Bills: The most common form of legislation; may be public or private.
H.R. - House Bill
S. - Senate Bill
Public Bills: Deal with issues of a general nature. If approved by both houses of Congress (the House and the Senate) in identical form and signed by the President (or re-passed by the Congress over a Presidential veto), they become "Public Laws."
Private Bills: Deal with matters of concern to individuals, such as claims against the Federal government, immigration or naturalization cases, or land titles.

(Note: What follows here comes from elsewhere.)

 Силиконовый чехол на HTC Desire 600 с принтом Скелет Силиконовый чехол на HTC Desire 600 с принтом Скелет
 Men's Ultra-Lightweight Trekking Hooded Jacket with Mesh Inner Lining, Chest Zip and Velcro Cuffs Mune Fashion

They become "Private Laws" if approved by Congress and signed by the President or enacted over his veto.
Resolutions: Resolutions may be of 3 types: simple, joint, and concurrent.

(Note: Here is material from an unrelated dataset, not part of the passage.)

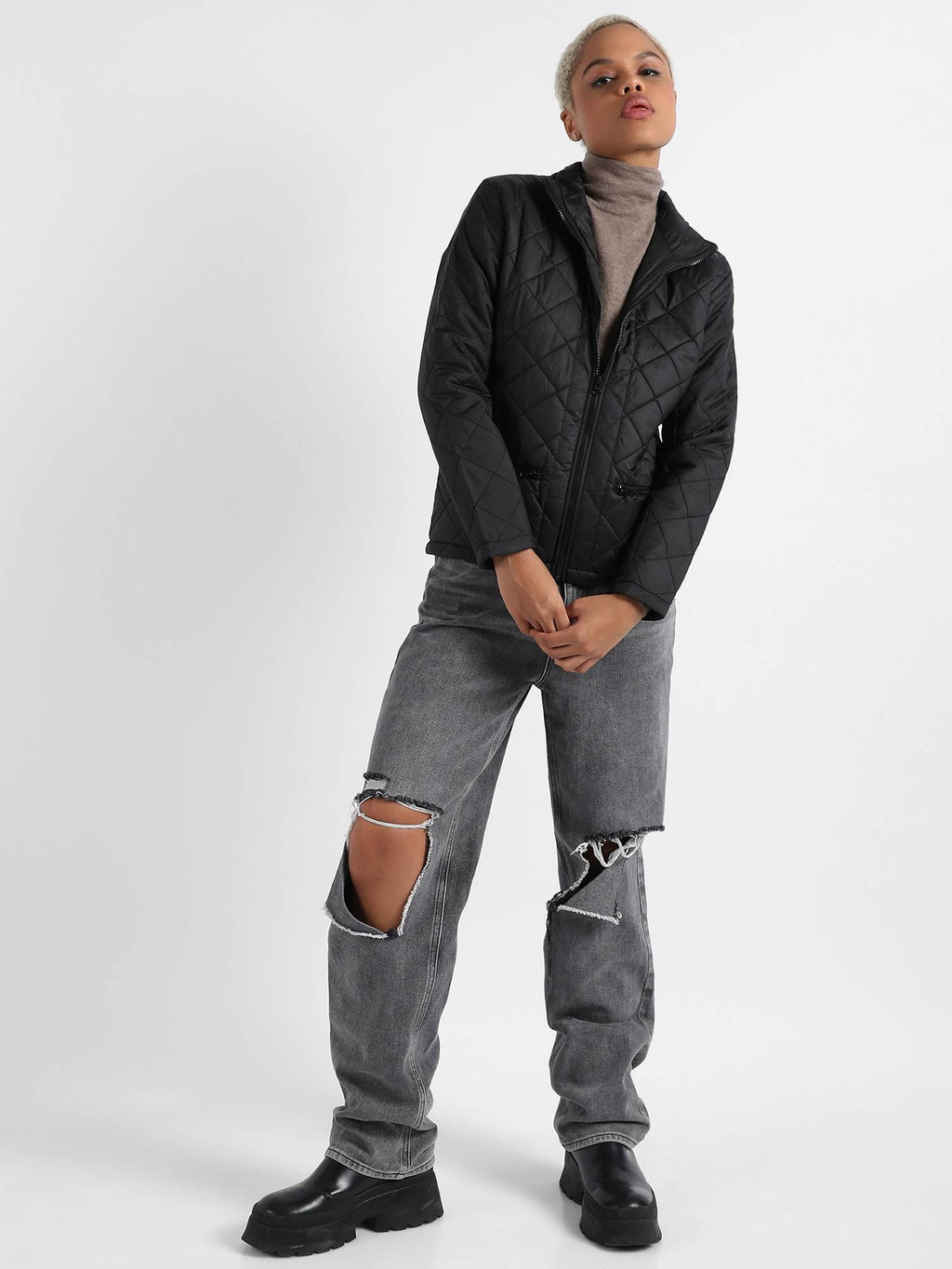 Womens Quilted Puffer Jacket With Zip Closure | JC78 - view 4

H.RES. - House Resolution (Simple)
S.RES. - Senate Resolution (Simple)
H.J.RES. - House Joint Resolution
S.J.RES. - Senate Joint Resolution
H.CON.RES. - House Concurrent Resolution
S.CON.RES. - Senate Concurrent Resolution
Simple Resolutions: Deal with matters concerning the operation of either house alone -- for example, waiving certain parliamentary procedures for consideration of a specific bill, fixing the spending levels for certain legislative committees, or changing the standing rules of a single house of Congress.
Joint Resolutions: There is little practical difference between bills and joint resolutions, although the latter are not as numerous as bills. Usually joint resolutions concern limited or temporary matters, such as a continuing or emergency appropriation. Like bills, joint resolutions also have the force of law, upon approval of both houses of Congress and the signature of the President.
Concurrent Resolutions: Are limited in nature. They are not legislative in character, and are not presented to the President for action. They are used to express facts, opinions, principles and purposes of the two houses, such as fixing the time and date for adjournment of a Congress.
Continuing Resolution: known as a "CR," continues funding for a program if the fiscal year ends without a new appropriation in place. A "CR" provides temporary funding at current levels or less.
Other Terms You'll See
Cloture (Senate): the formal procedure used to end a filibuster. It can take up to three days and requires 60 votes. If cloture wins, 30 additional hours of debate are allowed prior to voting, but they are rarely used. If cloture fails, debate would continue without limits. Instead, the bill is usually set aside.
Rescission Bill: cancels previously approved but unspent funds. Congress or the president may propose it. Rescissions must receive approval from congress within 45 days of the request to cancel allotted funds.
"Suspension(s)" of the rules: A special procedure used to speed up action by setting aside the regular rules. Bills brought up under this process are debated for 40 minutes, may not be amended and require a 2/3 vote.